- Born: Glasgow, Scotland
- Education: University of Stirling
- Occupation: Businessman;
- Years active: 2003–present
- Title: CEO of Moore Global

= Anton Colella =

Scottish businessman

Anton Colella is a Scottish businessman. He has been the chief executive officer of Moore Global since 2018, and was previously the global chief executive of the Institute of Chartered Accountants of Scotland. Colella is an advocate for value-driven business practices and accounting ethics.
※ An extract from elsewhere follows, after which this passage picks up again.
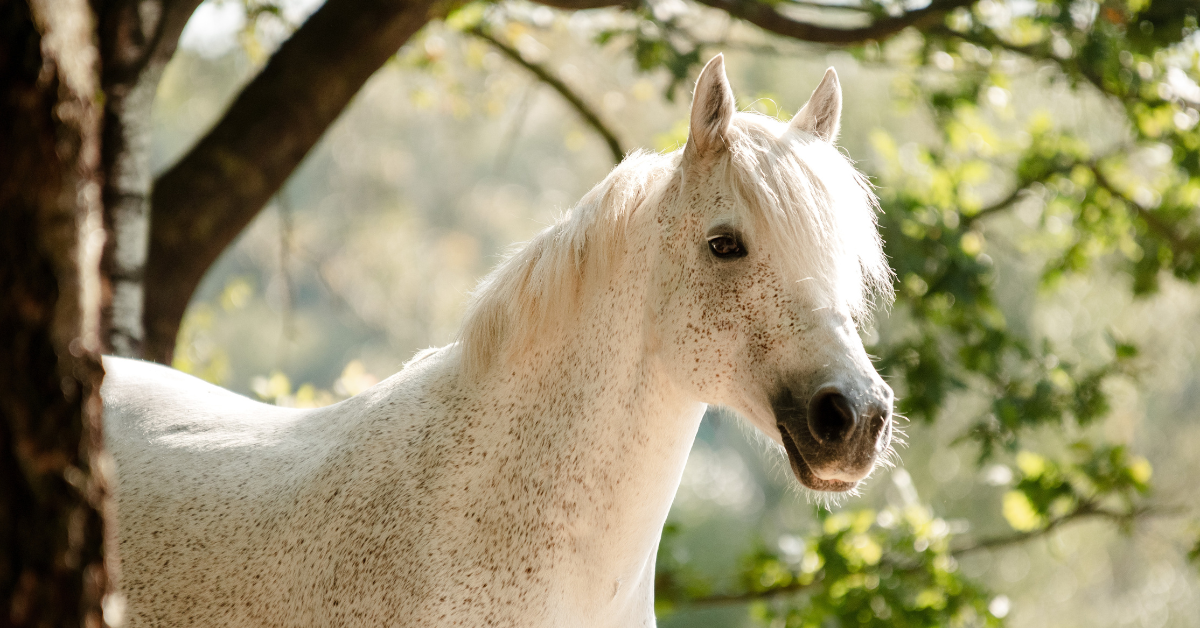 White Arabian horse portrait beneath a sunlit tree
==Early life and education==
Anton Colella was raised in Shettleston in a single parent family. He graduated from the University of Stirling.

==Teaching career==
Colella spent the first 18 years of his career as a Catholic theology teacher. He served as deputy headmaster at St Margaret Mary's Secondary School in Glasgow from 2000 to 2003.

== Business career ==
In 2003, Colella became the chief executive of the Scottish Qualification Authority (SQA). In October 2006, he became the chief executive of the Institute of Chartered Accountants of Scotland (ICAS). This appointment was made despite the fact that Colella did not possess an MBA degree, nor any obvious qualifications apart from his work in Catholic education.

Colella oversaw a globalization phase of ICAS, such that, by 2015, he claimed that their overseas membership had grown by 60 per cent in the previous decade. During this period, Colella also advocated for the simplification of the UK tax code, which he complained of being "12 times the length of the Bible". Colella departed the ICAS in March 2018. At his resignation, the ICAS president Brian Souter said, "Over the past decade, Anton has been the architect of a transformed ICAS".

Colella became the CEO of Moore Global in March 2018. Colella oversaw the rebranding of the company from Moore Stephens to Moore Global. Colella defended the rebranding as meeting "a world defined by global decision-making, data-driven insight and the need for agility."

In 2025, Colella launched Leading Life with Anton Colella, a new monthly leadership series on his LinkedIn. The series explores universal themes — from finding purpose to aligning values and leading with humility — offering Colella's perspective on how leadership can bring fulfilment in work, life, and community.

== Affiliations ==

In 2011, Colella became a chair of the Global Accounting Alliance.

Colella serves on the International Executive Council of the Sword of the Spirit, an association of Christian communities belonging to the charismatic movement.

Colella also serves on the International Board of Directors of school feeding charity Mary's Meals.